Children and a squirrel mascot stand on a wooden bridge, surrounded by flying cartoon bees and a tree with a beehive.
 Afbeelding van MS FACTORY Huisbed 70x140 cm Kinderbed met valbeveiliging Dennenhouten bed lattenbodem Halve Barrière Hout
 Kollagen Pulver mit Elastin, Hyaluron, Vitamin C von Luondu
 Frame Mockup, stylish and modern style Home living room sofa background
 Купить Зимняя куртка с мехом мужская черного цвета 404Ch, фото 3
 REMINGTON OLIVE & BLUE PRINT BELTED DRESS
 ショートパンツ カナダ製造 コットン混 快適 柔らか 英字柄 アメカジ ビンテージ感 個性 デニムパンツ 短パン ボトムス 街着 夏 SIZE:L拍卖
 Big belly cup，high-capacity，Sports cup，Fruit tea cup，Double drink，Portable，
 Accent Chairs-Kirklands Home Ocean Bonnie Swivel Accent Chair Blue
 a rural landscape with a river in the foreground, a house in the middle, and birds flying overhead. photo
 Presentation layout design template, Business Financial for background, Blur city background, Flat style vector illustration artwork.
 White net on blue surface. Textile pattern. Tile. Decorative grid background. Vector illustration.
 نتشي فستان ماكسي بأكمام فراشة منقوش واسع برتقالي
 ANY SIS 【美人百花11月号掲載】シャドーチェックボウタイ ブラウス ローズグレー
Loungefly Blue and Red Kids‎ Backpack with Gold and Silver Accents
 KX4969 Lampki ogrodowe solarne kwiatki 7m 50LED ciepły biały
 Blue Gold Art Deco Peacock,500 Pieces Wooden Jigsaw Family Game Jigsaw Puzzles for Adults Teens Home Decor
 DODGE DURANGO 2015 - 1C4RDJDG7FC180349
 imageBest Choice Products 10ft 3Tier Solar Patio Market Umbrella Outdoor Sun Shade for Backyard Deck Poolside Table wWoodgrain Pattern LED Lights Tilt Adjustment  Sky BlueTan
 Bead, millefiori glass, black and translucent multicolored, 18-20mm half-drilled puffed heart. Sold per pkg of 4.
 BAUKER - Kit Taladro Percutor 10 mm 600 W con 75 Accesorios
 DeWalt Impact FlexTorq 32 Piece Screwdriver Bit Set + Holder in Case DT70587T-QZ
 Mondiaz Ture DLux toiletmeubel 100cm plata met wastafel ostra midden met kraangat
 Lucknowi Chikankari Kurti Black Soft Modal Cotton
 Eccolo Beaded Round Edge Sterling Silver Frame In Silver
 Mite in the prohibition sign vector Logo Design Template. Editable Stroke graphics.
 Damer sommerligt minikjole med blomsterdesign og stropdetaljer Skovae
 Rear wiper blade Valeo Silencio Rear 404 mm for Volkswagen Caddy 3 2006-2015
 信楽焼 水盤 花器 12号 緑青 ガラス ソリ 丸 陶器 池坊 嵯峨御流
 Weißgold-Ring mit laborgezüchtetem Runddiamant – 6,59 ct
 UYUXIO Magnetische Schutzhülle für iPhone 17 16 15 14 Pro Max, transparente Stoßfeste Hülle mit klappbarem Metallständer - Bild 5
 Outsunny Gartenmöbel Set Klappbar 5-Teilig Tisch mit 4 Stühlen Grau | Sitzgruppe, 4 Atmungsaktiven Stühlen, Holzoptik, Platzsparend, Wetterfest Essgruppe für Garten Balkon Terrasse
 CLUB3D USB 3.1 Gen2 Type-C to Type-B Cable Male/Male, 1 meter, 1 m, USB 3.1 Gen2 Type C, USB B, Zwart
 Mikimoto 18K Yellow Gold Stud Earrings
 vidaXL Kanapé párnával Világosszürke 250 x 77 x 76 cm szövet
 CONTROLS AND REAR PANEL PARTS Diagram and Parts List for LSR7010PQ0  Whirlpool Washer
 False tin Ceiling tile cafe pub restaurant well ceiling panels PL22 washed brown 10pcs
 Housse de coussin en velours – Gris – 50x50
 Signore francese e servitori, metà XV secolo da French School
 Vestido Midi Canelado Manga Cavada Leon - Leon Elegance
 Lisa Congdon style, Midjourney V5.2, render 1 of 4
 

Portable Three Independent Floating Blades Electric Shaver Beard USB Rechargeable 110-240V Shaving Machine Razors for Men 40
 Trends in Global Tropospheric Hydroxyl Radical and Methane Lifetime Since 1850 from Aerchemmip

.....

Copy out the lines above exactly, beginning at the one that contains "DeWalt Impact FlexTorq" and ending at the one that contains "Mite in the".

 DeWalt Impact FlexTorq 32 Piece Screwdriver Bit Set + Holder in Case DT70587T-QZ
 Mondiaz Ture DLux toiletmeubel 100cm plata met wastafel ostra midden met kraangat
 Lucknowi Chikankari Kurti Black Soft Modal Cotton
 Eccolo Beaded Round Edge Sterling Silver Frame In Silver
 Mite in the prohibition sign vector Logo Design Template. Editable Stroke graphics.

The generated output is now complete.